▸ **Task**
Copy out exactly, from the entries that follow, the line holding "But when you", the line holding "A node voltage", and all lines between them, but no pictures.

▸ **Recorded data**

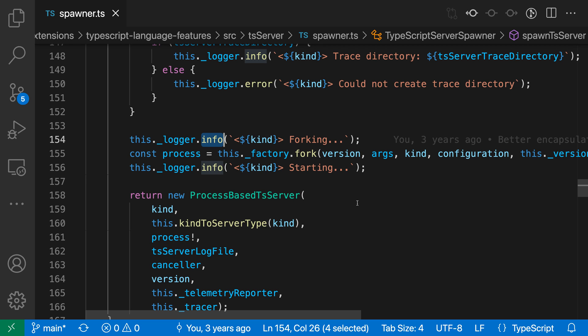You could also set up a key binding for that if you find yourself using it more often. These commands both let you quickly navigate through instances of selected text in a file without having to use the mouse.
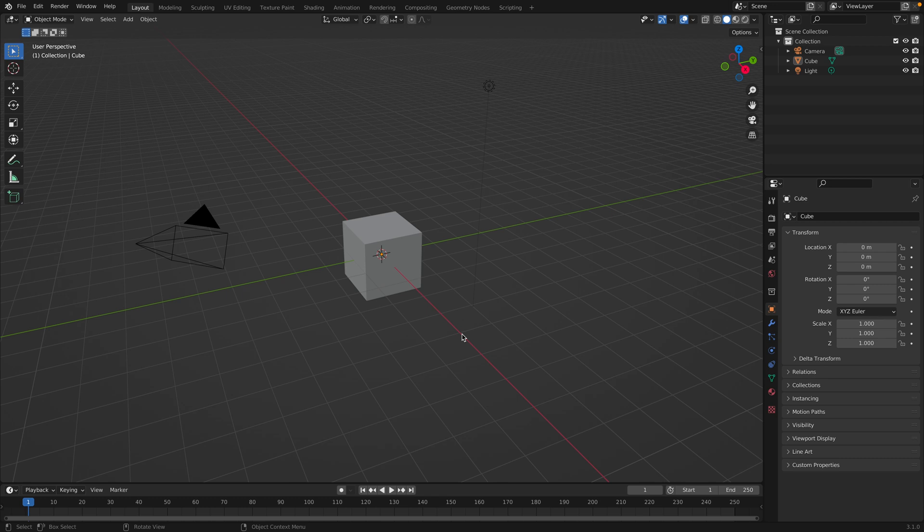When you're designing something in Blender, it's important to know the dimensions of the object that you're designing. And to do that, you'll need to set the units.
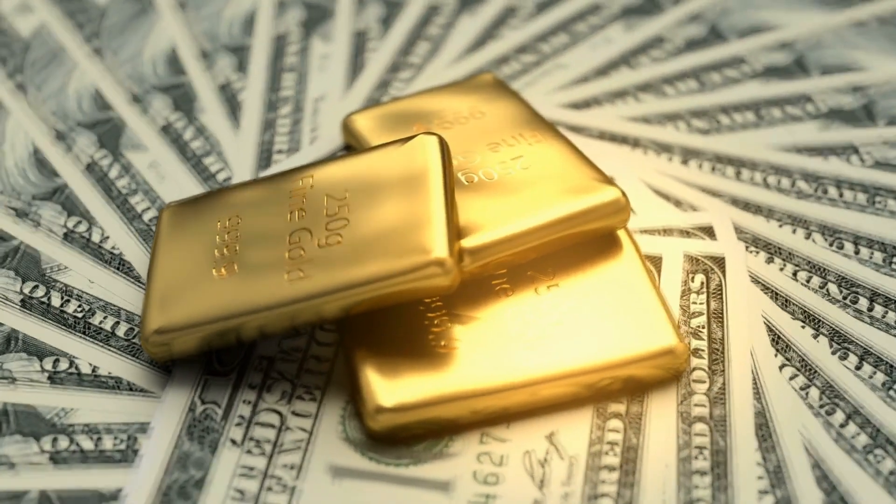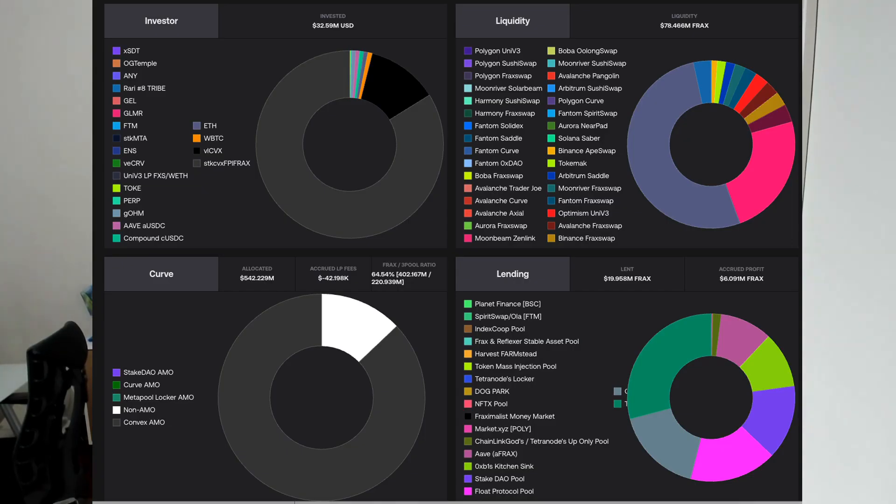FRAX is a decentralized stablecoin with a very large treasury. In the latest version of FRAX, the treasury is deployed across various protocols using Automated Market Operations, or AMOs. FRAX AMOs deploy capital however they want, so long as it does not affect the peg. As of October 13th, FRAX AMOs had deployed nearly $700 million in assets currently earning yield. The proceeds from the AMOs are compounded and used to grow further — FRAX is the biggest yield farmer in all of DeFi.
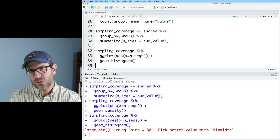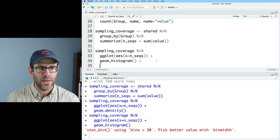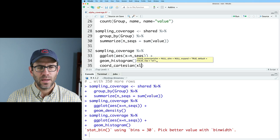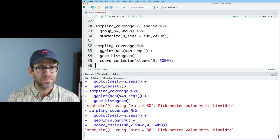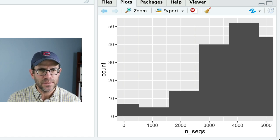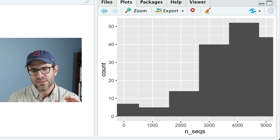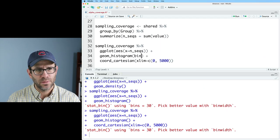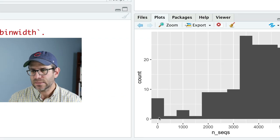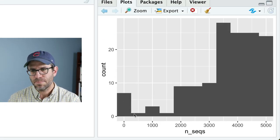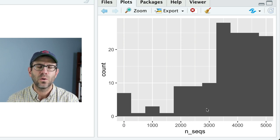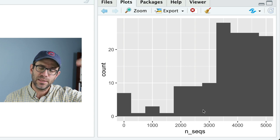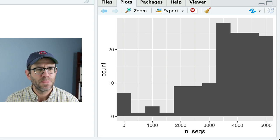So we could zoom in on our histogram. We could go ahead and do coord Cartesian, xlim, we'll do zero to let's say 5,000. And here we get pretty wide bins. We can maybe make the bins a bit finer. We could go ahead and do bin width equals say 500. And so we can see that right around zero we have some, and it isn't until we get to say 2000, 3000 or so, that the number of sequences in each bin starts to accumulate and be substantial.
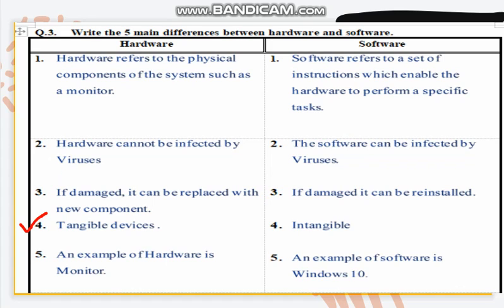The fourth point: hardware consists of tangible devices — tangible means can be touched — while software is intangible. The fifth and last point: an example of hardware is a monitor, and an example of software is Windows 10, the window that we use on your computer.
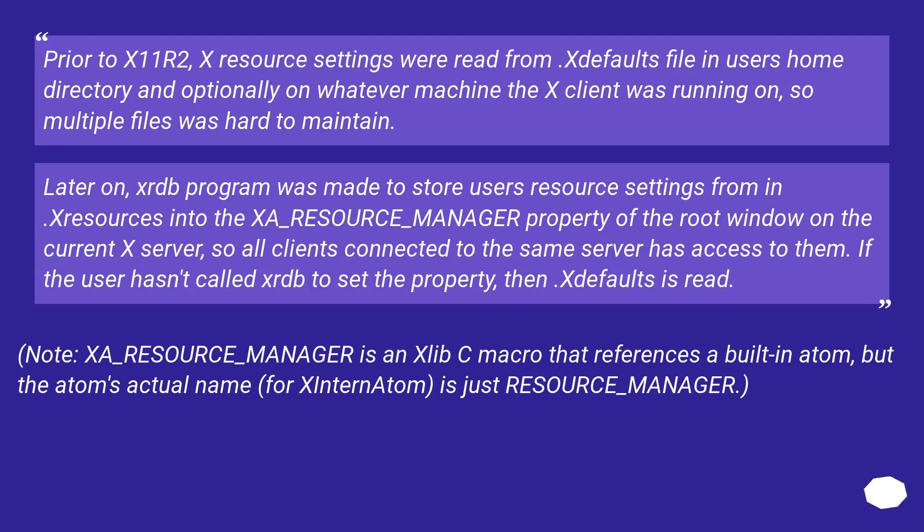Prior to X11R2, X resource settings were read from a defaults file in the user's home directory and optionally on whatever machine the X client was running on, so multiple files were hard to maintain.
* * *
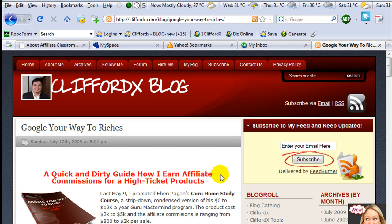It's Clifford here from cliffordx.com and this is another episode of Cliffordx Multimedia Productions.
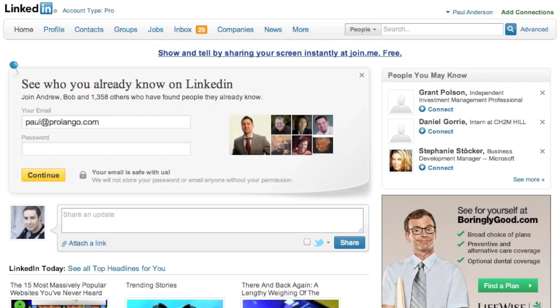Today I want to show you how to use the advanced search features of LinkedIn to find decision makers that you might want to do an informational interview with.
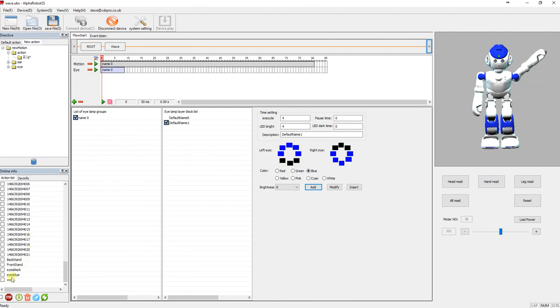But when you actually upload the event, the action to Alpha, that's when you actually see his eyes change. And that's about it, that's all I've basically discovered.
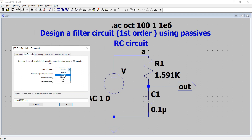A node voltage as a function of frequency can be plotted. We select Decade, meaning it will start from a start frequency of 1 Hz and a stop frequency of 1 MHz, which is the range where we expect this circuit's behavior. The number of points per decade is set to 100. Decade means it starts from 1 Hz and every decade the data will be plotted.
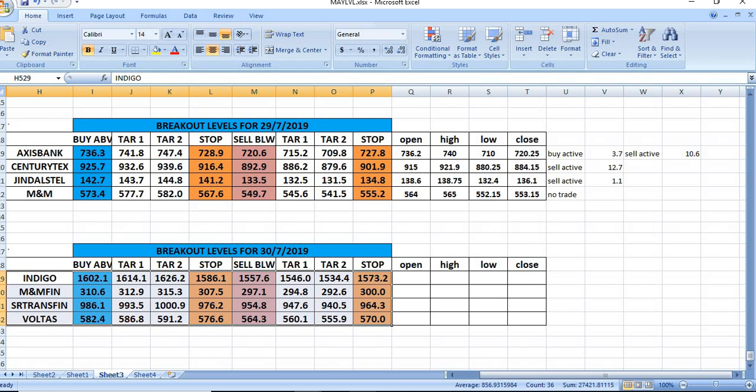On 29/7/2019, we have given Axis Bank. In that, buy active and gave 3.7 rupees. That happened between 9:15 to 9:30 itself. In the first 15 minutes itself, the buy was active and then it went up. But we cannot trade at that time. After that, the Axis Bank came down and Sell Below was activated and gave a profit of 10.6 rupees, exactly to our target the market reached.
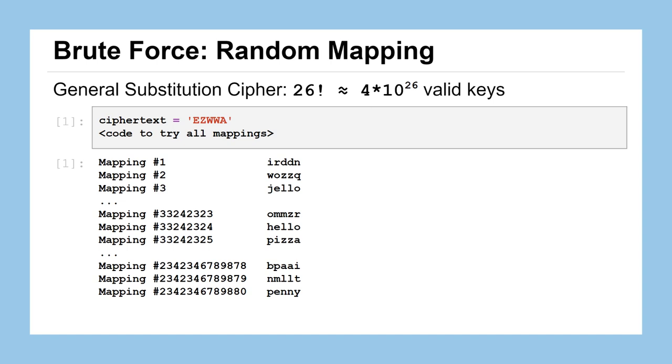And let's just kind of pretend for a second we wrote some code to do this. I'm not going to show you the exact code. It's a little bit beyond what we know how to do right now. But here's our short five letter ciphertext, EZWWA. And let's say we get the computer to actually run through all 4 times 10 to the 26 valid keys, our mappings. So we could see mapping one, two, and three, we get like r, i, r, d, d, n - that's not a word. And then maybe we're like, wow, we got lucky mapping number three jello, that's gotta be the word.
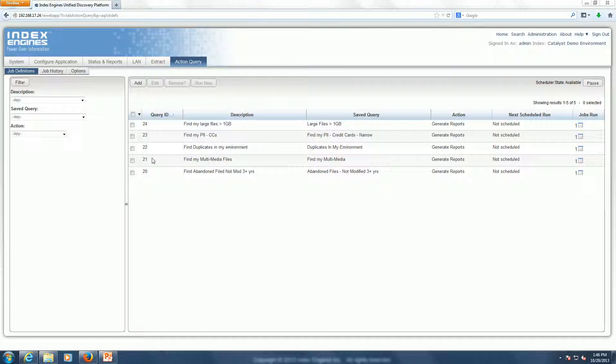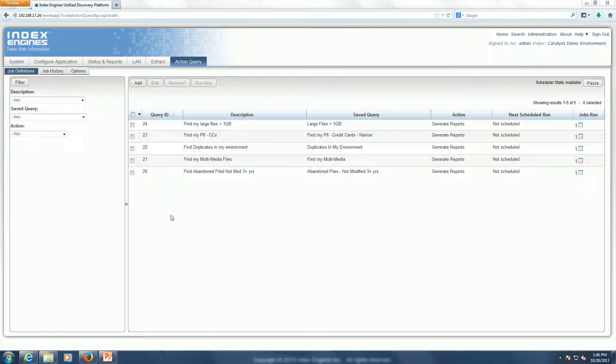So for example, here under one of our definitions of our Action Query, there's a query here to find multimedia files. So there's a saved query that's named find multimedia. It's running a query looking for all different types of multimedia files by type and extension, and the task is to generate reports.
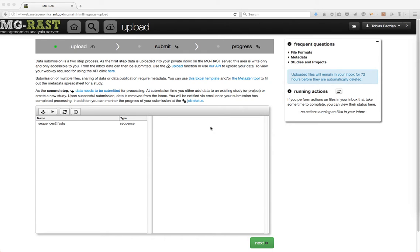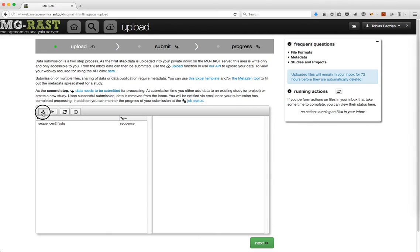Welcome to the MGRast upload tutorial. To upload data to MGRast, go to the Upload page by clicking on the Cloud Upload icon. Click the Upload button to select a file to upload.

▸ **Output**
But when you actually upload the event, the action to Alpha, that's when you actually see his eyes change. And that's about it, that's all I've basically discovered.
A node voltage as a function of frequency can be plotted. We select Decade, meaning it will start from a start frequency of 1 Hz and a stop frequency of 1 MHz, which is the range where we expect this circuit's behavior. The number of points per decade is set to 100. Decade means it starts from 1 Hz and every decade the data will be plotted.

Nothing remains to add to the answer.